_Task objective_.
Could you give again exactly, and only, the lines from the one holding "LAVALLETTE,Ocean Block, 1" through the end of the data, both ends included, with pictures left out?

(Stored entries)
------------------------

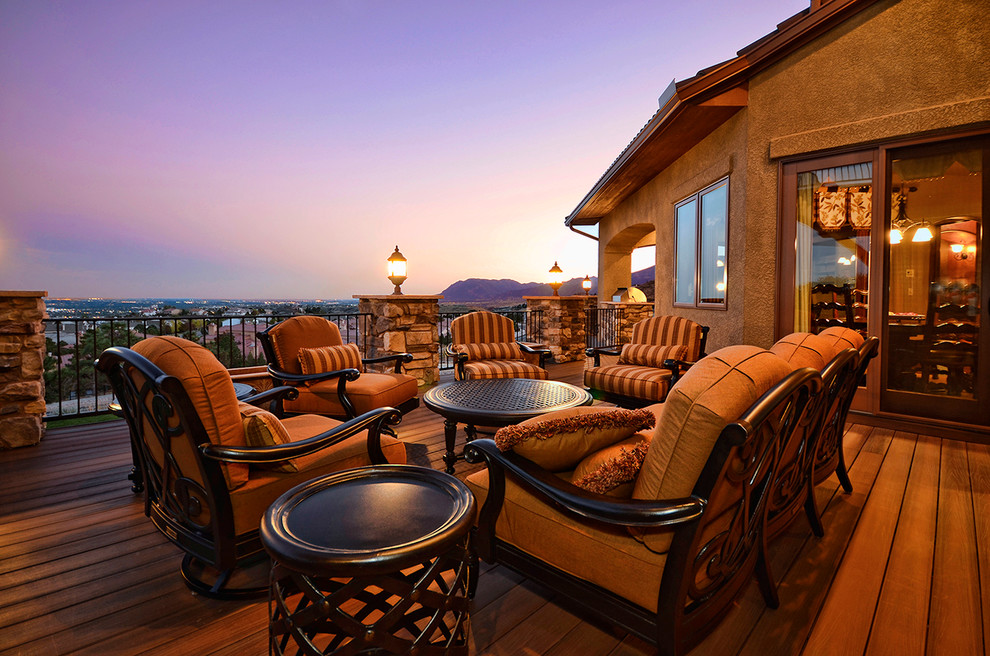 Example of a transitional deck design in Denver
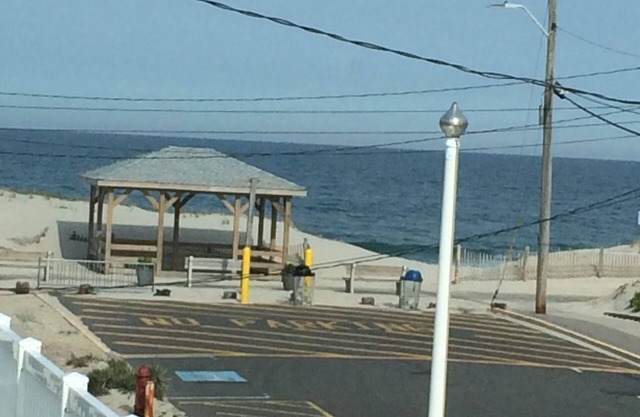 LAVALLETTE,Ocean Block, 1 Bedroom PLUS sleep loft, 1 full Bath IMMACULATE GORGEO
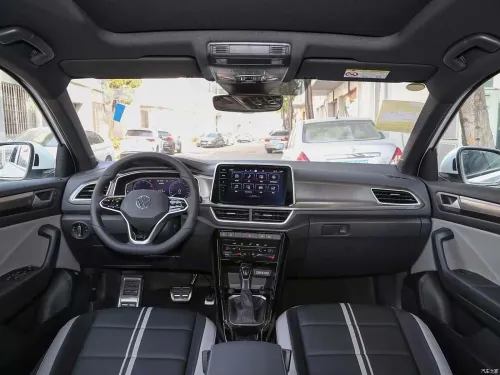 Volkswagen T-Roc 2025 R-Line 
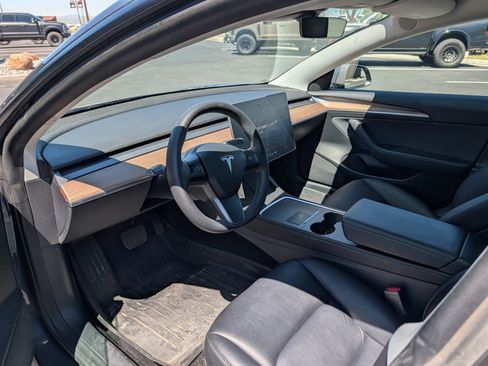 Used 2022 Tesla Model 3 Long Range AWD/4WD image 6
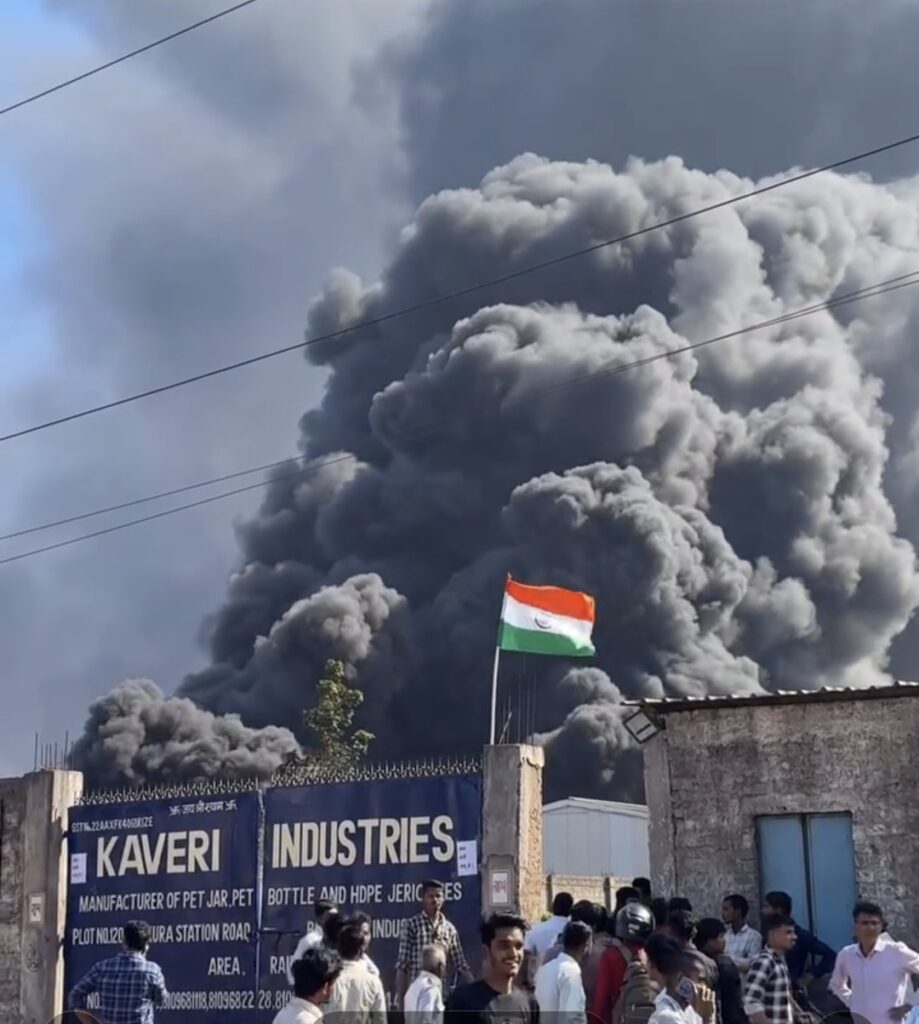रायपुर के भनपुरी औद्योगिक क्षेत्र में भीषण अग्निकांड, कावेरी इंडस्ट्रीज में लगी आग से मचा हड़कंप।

------------------------

_Answer to this task_.
 LAVALLETTE,Ocean Block, 1 Bedroom PLUS sleep loft, 1 full Bath IMMACULATE GORGEO
 Volkswagen T-Roc 2025 R-Line 
 Used 2022 Tesla Model 3 Long Range AWD/4WD image 6
रायपुर के भनपुरी औद्योगिक क्षेत्र में भीषण अग्निकांड, कावेरी इंडस्ट्रीज में लगी आग से मचा हड़कंप।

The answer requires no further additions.